Task details
Please quote exactly the lines below from the line containing "Whenever this spindle" to the line containing "Extruders — screw", both lines included, and nothing else.

Provided data
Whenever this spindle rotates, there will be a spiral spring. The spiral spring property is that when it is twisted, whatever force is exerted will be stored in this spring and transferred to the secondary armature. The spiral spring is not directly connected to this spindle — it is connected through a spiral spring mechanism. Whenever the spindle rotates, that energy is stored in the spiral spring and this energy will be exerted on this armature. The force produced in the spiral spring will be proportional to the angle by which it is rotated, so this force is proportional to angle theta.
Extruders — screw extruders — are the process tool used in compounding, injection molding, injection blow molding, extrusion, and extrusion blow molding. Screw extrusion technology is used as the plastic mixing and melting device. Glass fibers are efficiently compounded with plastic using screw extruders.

---

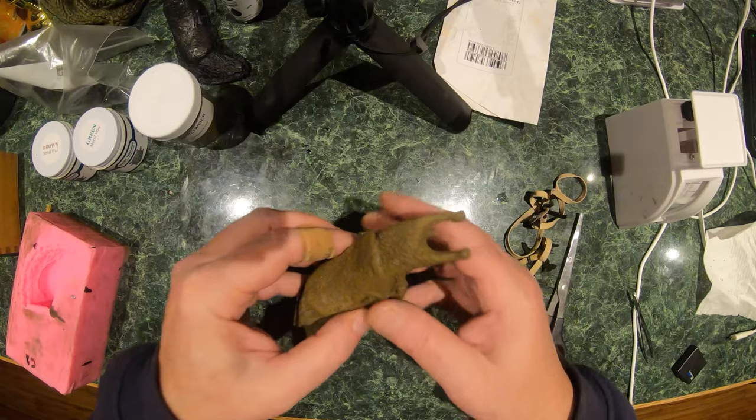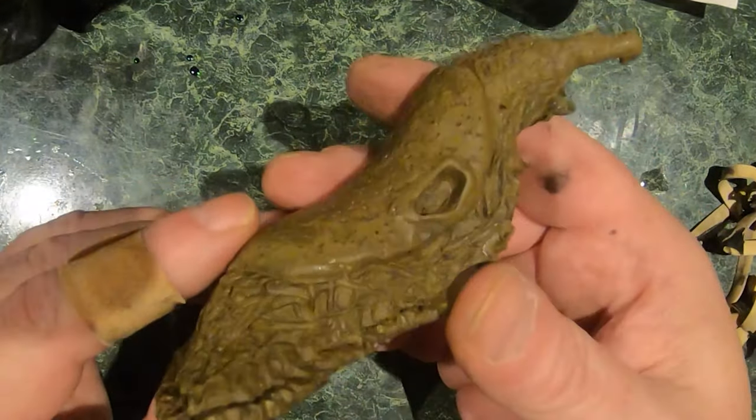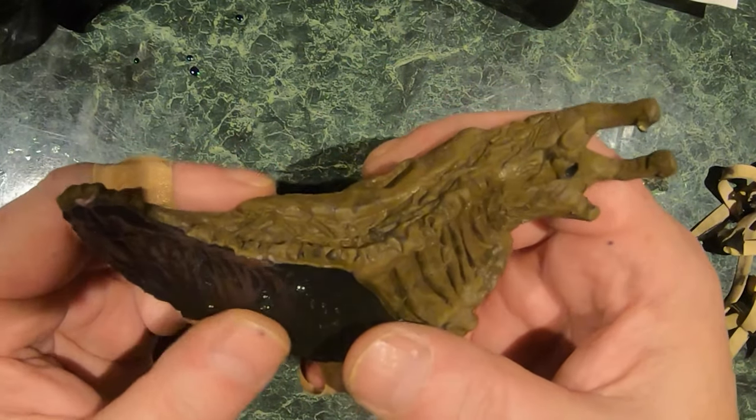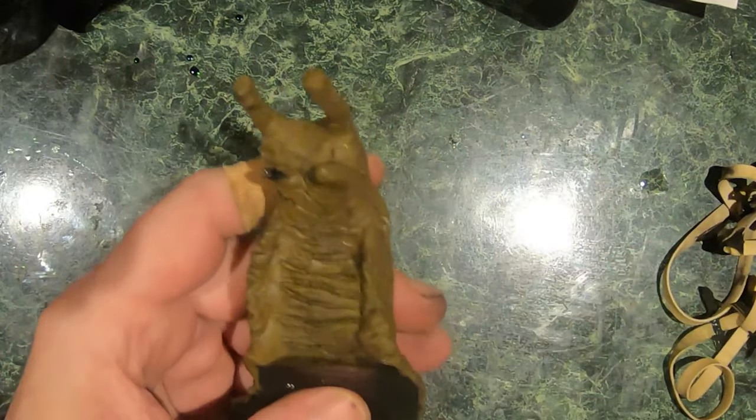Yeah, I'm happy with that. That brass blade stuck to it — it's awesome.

--

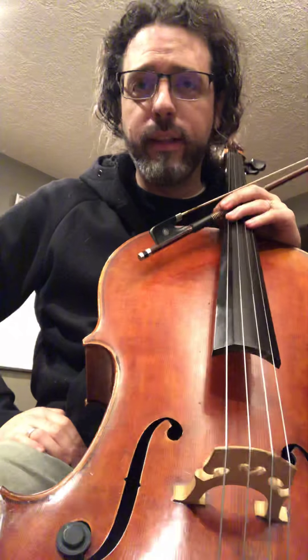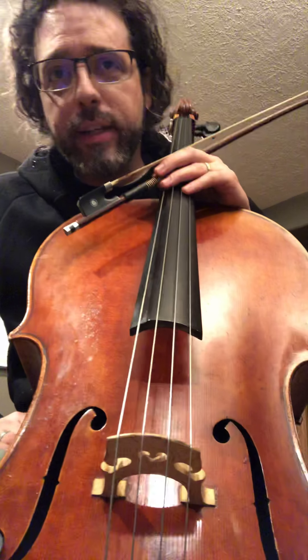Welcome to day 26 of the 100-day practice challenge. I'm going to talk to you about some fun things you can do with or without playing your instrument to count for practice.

Output
Whenever this spindle rotates, there will be a spiral spring. The spiral spring property is that when it is twisted, whatever force is exerted will be stored in this spring and transferred to the secondary armature. The spiral spring is not directly connected to this spindle — it is connected through a spiral spring mechanism. Whenever the spindle rotates, that energy is stored in the spiral spring and this energy will be exerted on this armature. The force produced in the spiral spring will be proportional to the angle by which it is rotated, so this force is proportional to angle theta.
Extruders — screw extruders — are the process tool used in compounding, injection molding, injection blow molding, extrusion, and extrusion blow molding. Screw extrusion technology is used as the plastic mixing and melting device. Glass fibers are efficiently compounded with plastic using screw extruders.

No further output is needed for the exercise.